BIG PHARMA: NOVOS DILEMAS

Em junho de 2014, aqui na FACTO (no 40), assinei um artigo intitulado “Os dilemas da Big Pharma”. Nele, tratei de discutir os desafios postos então para as grandes empresas farmacêuticas transnacionais face à crise no lançamento de novas moléculas capazes de se transformarem em blockbusters comerciais e ao vencimento do período de proteção patentária de um significativo número de produtos nessa condição. No texto, apresentei um conjunto de estratégias levadas a cabo pelas empresas para tentarem superar as dificuldades de então. Eram elas: 

  1. Operações de fusões e aquisições (M&A) cujo objetivo era o de adquirir os pipelines das empresas fundidas ou compradas.
  2. A decisão de diminuir a verticalização nas firmas, com o objetivo de compartilhar riscos com terceiros.
  3. A entrada no mercado de genéricos, que deixaram de ser “criminalizados” na medida em que a Big Pharma passou ela mesma a produzi-los e comercializá-los.
  4. A radicalização no terreno da propriedade intelectual visando a fortalecer interesses comerciais, mesmo que em detrimento do interesse público.
  5. A proposição de programas que visavam à aproximação entre empresas farmacêuticas e a comunidade científica, com vistas a tornar mais fluido o fluxo de conhecimento “translacional” (da bancada de pesquisa para as empresas).
  6. Finalmente, mencionei a inauguração (ou aprofundamento) de estratégias comerciais altamente heterodoxas, em particular nos terrenos de comercialização de produtos off-label, de promiscuidade no relacionamento entre profissionais e gestores de saúde e também da manipulação de dados de ensaios clínicos.
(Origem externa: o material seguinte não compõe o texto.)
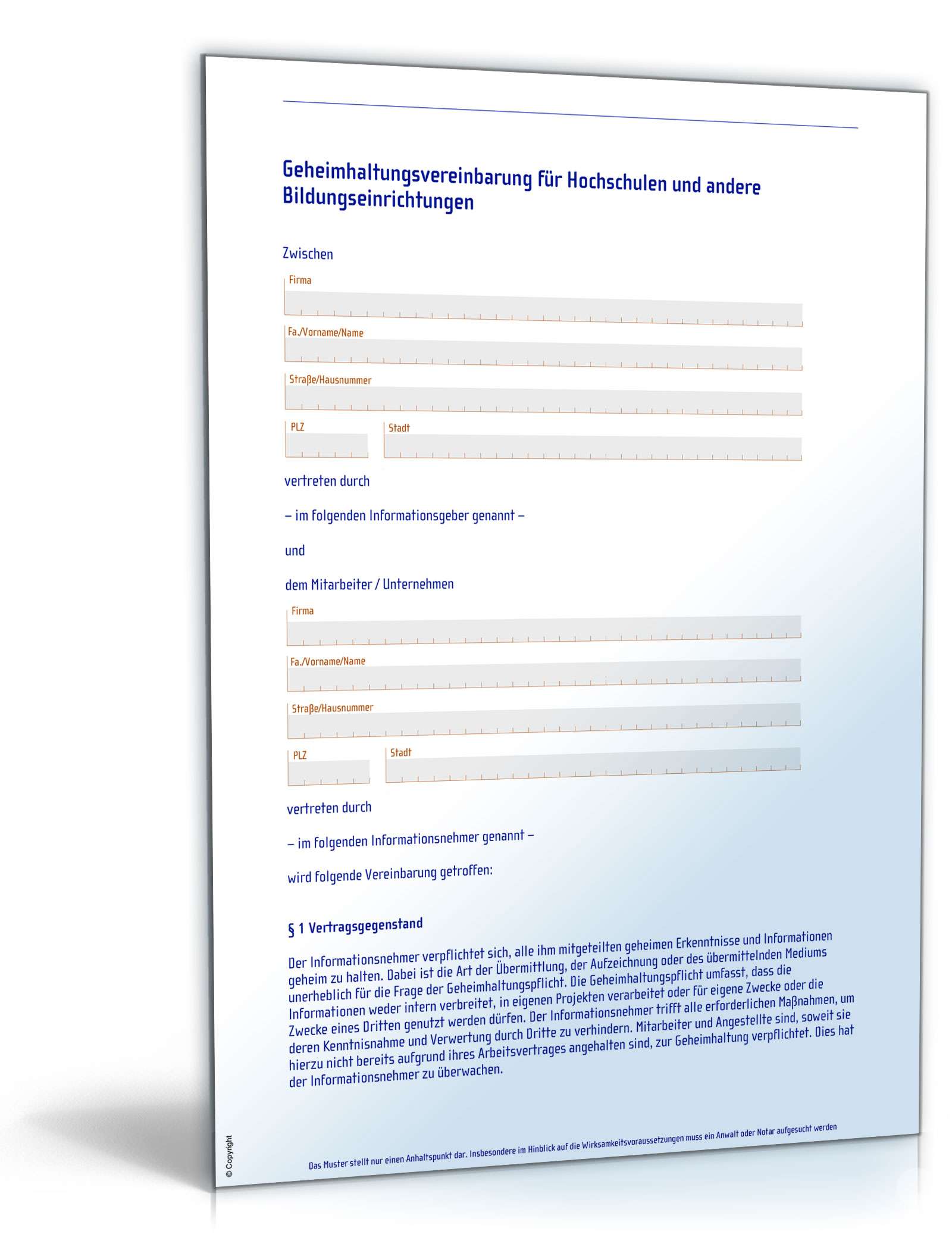 Geheimhaltungsvereinbarung PDF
Passados dois anos daquele artigo, vale a pena rever o desenvolvimento dessas estratégias e apresentar pelo menos um novo grande desafio posto mais recentemente.

No que se refere a M&A, devo confessar um erro de avaliação. No artigo de 2014, sugeri que o ritmo das mesmas diminuiria em função da concentração já ter chegado a um ponto no qual os valores para novas operações de M&A seriam muito elevados, mesmo para gigantes farmacêuticas. Não foi o que se observou e, em 2015 (até setembro), o valor total das transações anunciadas alcançou US$ 850 bilhões1. Isso sem levar em conta que, em outubro de 2015, foi anunciada a compra da empresa irlandesa Allergan pela Pfizer, por US$ 125 bilhões, frustrada pelo governo norte-americano para evitar perdas fiscais. Observadores qualificados, como o jornal Financial Times, estimam a continuidade da tendência ascendente de M&A’s em 20162.  
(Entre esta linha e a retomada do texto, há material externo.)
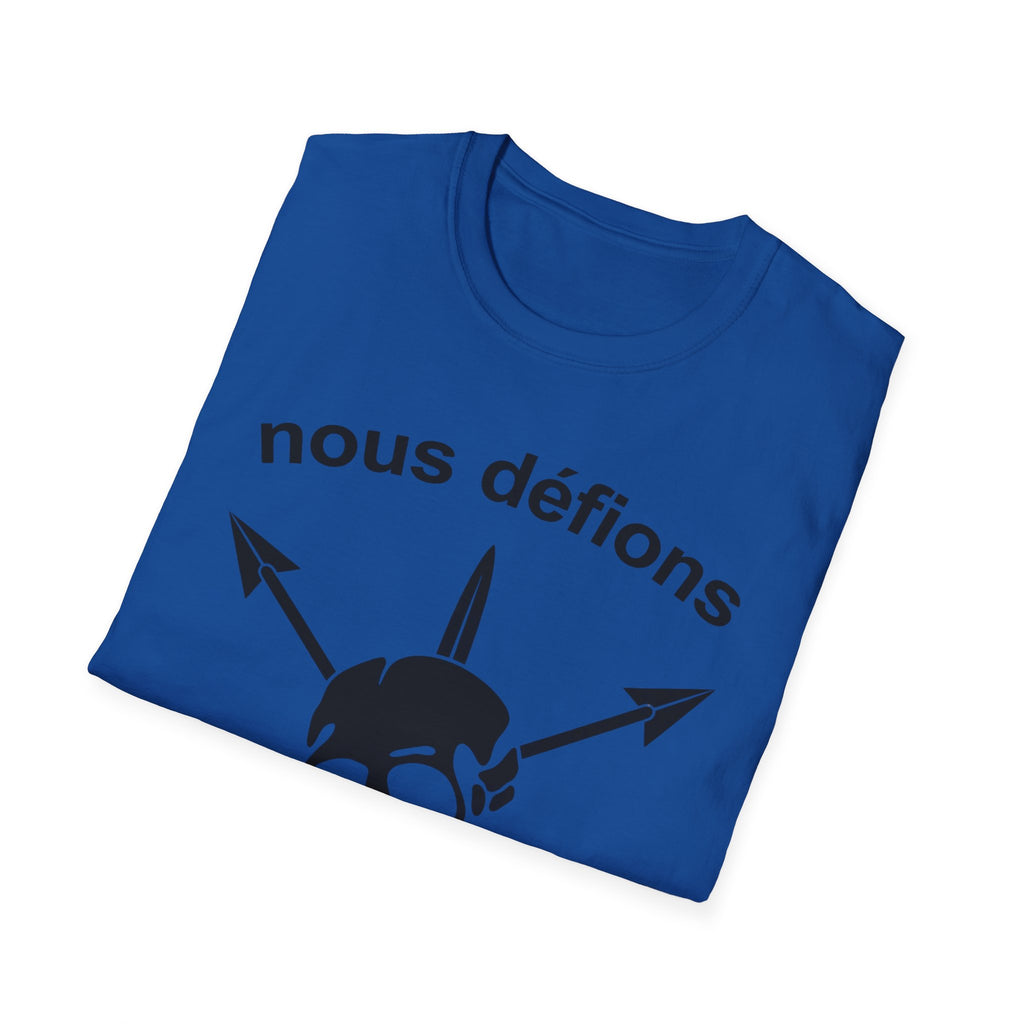 WW2 French Resistance Inspired T-Shirt Nous défions with skull and crossed bones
A estratégia de compartilhamento de riscos avançou celeremente nesses dois anos. Genericamente denominada de Business Process Outsourcing (BPO), atualmente envolve a contratação de serviços de terceiros para processos relacionados à pesquisa pré-clínica e clínica, para etapas de manufatura e para operações de vendas e marketing. O mercado BPO na indústria farmacêutica valia US$ 127,4 bilhões em 2014 e seu crescimento entre 2015 e 2023 está previsto para ser de 8,9% a.a. Nesse passo, alcançará US$ 286,3 bilhões no último ano da série3.
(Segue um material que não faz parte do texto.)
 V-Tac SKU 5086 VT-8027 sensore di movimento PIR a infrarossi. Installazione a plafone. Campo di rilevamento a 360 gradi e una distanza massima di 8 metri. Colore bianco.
O processo de descriminalização dos medicamentos genéricos vem sendo substituído paulatinamente por outra tendência de mesma matriz, agora dirigida aos biossimilares. Os aspectos mais visíveis dessa tendência dizem respeito ao padrão regulatório desses medicamentos, à possibilidade de serem intercambiáveis com os biológicos de referência e à nomenclatura para a comercialização dos mesmos. Nos medicamentos produzidos por rota biotecnológica, em particular aqueles representados por macromoléculas, o critério de bioequivalência não pode ser adotado como “padrão ouro” de identidade entre produtos e isso fornece espaço técnico e argumento político para que barreiras regulatórias à comercialização de biossimilares sejam erigidas. O resultado dessas barreiras é uma muito baixa velocidade no registro desses medicamentos. Na agência sanitária norte-americana (FDA), até o momento apenas dois produtos obtiveram registro, um em 2015 e outro em 2016. Um deles é o Filgastrim (primeira geração de biossimilares) e outro, o Infliximabe (segunda geração de biossimilares). Na agência europeia (EMA), foram concedidos 20 registros até abril de 2016, quase todos relativos a biossimilares de primeira geração (Filgastrim, Eritropoietina, Hormônio de Crescimento, Insulina Glargina) e apenas dois de segunda geração (Infliximabe e Etanercepte). Em comparação com a praticamente finda batalha em torno dos genéricos, as dificuldades técnicas para o estabelecimento da comparabilidade entre os biossimilares e os medicamentos de referência são objetivamente maiores face à complexidade das moléculas envolvidas, o que enseja uma luta mais acirrada na defesa de direitos. Por outro lado, diferentemente do caso dos genéricos, a Big Pharma está entrando no terreno da fabricação de biossimilares de modo bastante precoce, o que atenua as iniciativas de criminalização dela oriundas, outrora amplamente utilizadas no caso dos genéricos.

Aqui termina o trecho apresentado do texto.